X

Kitapları seven kız: Virginia Woolf ile Maçka Parkı’nda

Yaban kazlarını bilirsiniz. Onlar V şeklinde uçar, böylece uçuşlarını kolaylaştıracak bir hava akımı yaratırlar. Küçükken elimden düşürmediğim bir kitaptan öğrenmiştim bunu. Nasıl da her yere yanımda taşırdım o kitabı! Dr. Maurice Burton’ın kuşlar kitabını…

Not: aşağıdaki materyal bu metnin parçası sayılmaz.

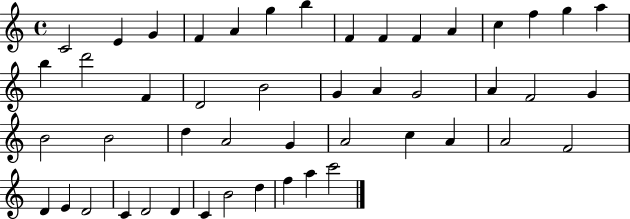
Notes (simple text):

C4/h E4/q G4/q F4/q A4/q G5/q B5/q F4/q F4/q F4/q A4/q C5/q F5/q G5/q A5/q B5/q D6/h F4/q D4/h B4/h G4/q A4/q G4/h A4/q F4/h G4/q B4/h B4/h D5/q A4/h G4/q A4/h C5/q A4/q A4/h F4/h D4/q E4/q D4/h C4/q D4/h D4/q C4/q B4/h D5/q F5/q A5/q C6/h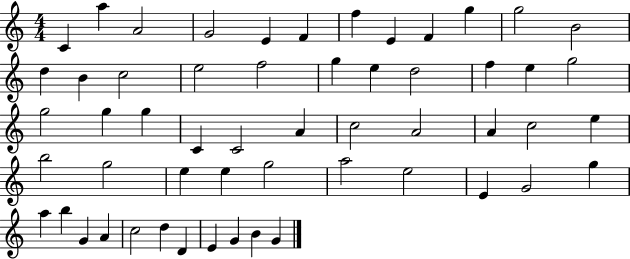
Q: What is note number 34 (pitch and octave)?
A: E5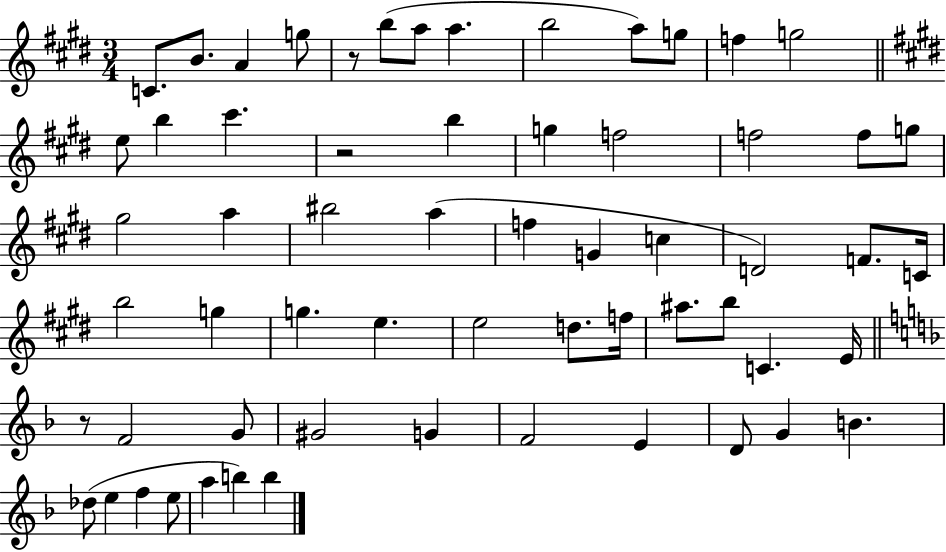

Onları görmeyi diledim hep, yani yaban kazlarını, nasıl da V şeklinde uçtuklarını. Müdavimi olduğum Maçka Parkı’nda çimenlere uzanıp gökyüzünü seyrederken, gözlerim onları aradı hep. Oysa bir tek güvercinler ve zaman zaman da kırlangıçlar uçuyordu mahallemi kaplayan pastel boya mavisi gökyüzünde.

Ama belki de, diye düşünürdüm, V şeklinde uçmalarının tek sebebi bunun işlerini kolaylaştırması değildir. Belki de, onlar bir sürüye ait olmanın mutluluğunu tatmak istiyorlardır. Ben bunu istediğimi biliyordum en azından. Bütün yalnız çocuklar gibi…

Ya da, diye düşündüm çok sonraları, çocuk kitaplarının korunaklı dünyasını terk edip de kendimi intihar etmiş yazarların ellerine teslim ederken. Kütüphanem bir mezarlığa dönüşmüştü o zamanlar, sadece birkaç yıl içinde. Ya da, diye düşündüm ben de. Ya da V harfini seçmişlerdir, çünkü Virginia Woolf’u onurlandırmak istiyorlardır sadece.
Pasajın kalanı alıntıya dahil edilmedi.